Generalized Score Functions for Causal Discovery

Huang et al. (2018). Generalized score functions for causal discovery.

A score-based algorithm requires two components: the score function and the search procedure. In addition to Markov assumptions, an ideal score function should meet the basic criteria as following

  • characterization of conditional dependency
  • local consistency and score equivalence
  • robustness to multiple, if not all, data types and distributions, including
    • non-linear relations
    • non-Gaussian distributions
    • (infinite) multi-dimensionality
    • heterogeneity (i.e., continuous/discreet, stationary/time-series data)
  • tractability and computational efficiency

While the previous algorithms are limited in assuming a certain model class or distribution to begin with, Generalized Score Functions (GSF) is a novel effort to unify score-based approaches into a generalized framework that can work on a wide class of data types and distributions.

Methods (refs) Non linearity Non Gaussian Multi dimensionality Heterogeneous data
BIC, MDL
BGe, BDeu
BDe, BCCD
No No No No
Mixed BIC No No No Stationary only
LiNGAM
ICA-LiNGAM
Direct-LiNGAM
No Yes No Yes
ANM
CAM
PNL
Yes Yes No Yes
GSF Yes Yes Yes Stationary only
Comparison of score-based methods

Notations

Let \(X\) be a random variable with domain \(\mathcal{X}\) in any dimension.
\(\mathcal{H}_{X}\) is defined as a Reproducing Kernel Hilbert Space (RKHS) on \(\mathcal{X}\), in which

  1. \(\phi_X: \mathcal{X} \longmapsto \mathcal{H}_{X} \) is a continuous feature map projecting a point \(x \in \mathcal{X}\) onto \(\mathcal{H}_{X}\)

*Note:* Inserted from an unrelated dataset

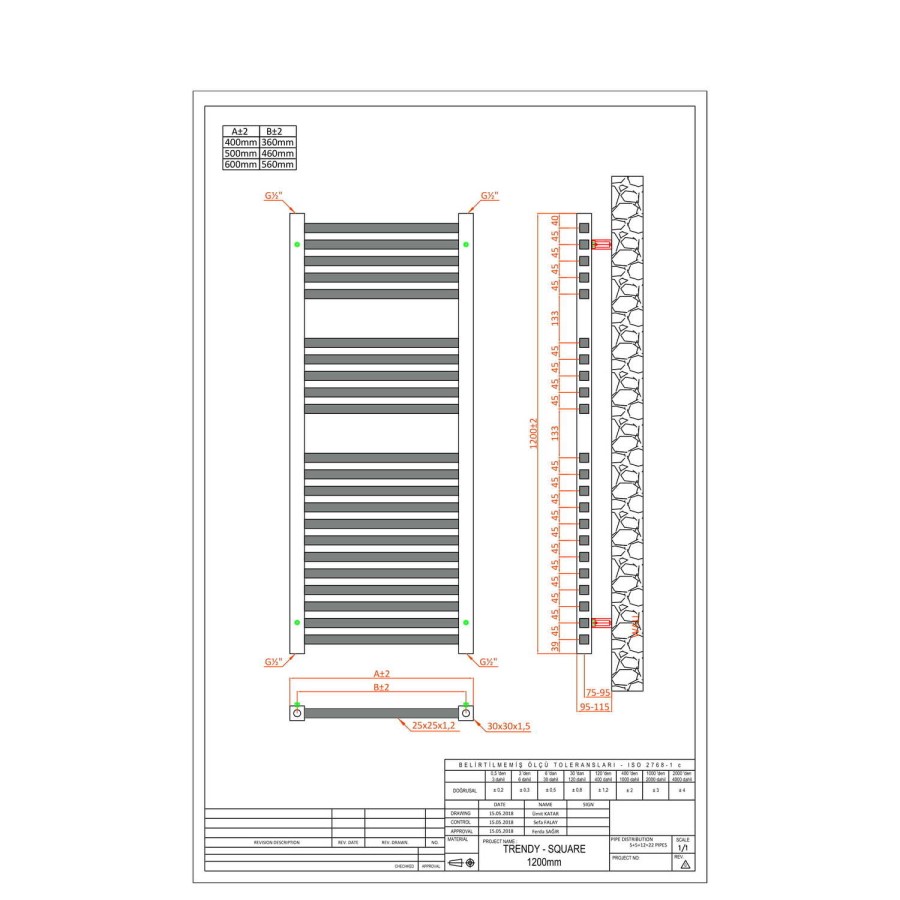 Square Chrome Electric Heated Towel Rail - 1200 x 600mm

  2. \(k_{X}: \mathcal{X} \times \mathcal{X} \longmapsto\ \mathbb{R}\) is a positive definite kernel function such that $$k_{X}(x, x')= \langle\phi_X(x),\phi_X(x')\rangle = \langle k_X(.,x), k_X(.,x')\rangle$$
  3. probabilty law of \(X\) is \(P_X\) and \(\mathcal{H}_{X} \subset L^2(P_X)\) - the space of square integrable functions
    • \(\rightarrow\) This is a property of completeness, basically saying that with the probability of existence \(P_X\), \(\mathcal{H}_X\) contain functions that are square integrable. In \(\mathcal{H}_X\), \(L^2\) norm is defined.

  4. for any point \(x\) in a sample of \(n\) observations,
    • the reproducing property yields $$\forall x \in \mathcal{X}, \forall f \in \mathcal{H_X}, \quad \langle f(.), k_X(.,x) \rangle = f(x) = \sum^{n}_{i=1} k_X(x_i, x)c_i$$ with \(c_i\) being the weight
    • its empirical feature map \(k_x = [k_X(x_1, x), ..., k_X(x_n, x)]^T\)

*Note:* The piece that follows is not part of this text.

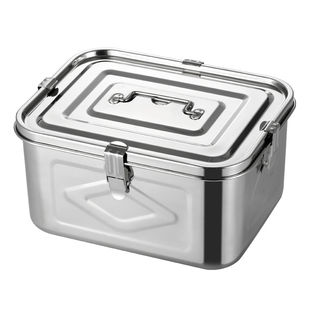 加厚304不锈钢储物盒 密封罐储物罐密封箱韩国泡菜盒防潮保鲜盒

  5. \(K_X\) represents the \(n \times n\) kernel matrix with each element \(K_{ij} = k_X(x_i, x_j)\), and \(\widetilde{K_X}=HK_XH\) is the centralized kernel matrix where \(H=I-\frac{1}{n}\mathbb{1}\mathbb{1}^T\) with \(n \times n\) idenity matrix \(I\) and vector of 1's \(\mathbb{1}\)
Similar notations are applied to other variables \(Y\) and \(Z\)

1. Characterization of Conditional Independence

The score function must act as a proxy for conditional independence test, which, in the general case, is characterized by conditional covariance operators. The kernel-based conditional independence test is described as follow

kernel-conditional-independence-test

Lemma 1 (extracted from the paper)

where \(\Sigma_{XX|Z} = \Sigma_{XX} - \Sigma_{XZ}\Sigma^{-1}_{ZZ}\Sigma_{ZX}\).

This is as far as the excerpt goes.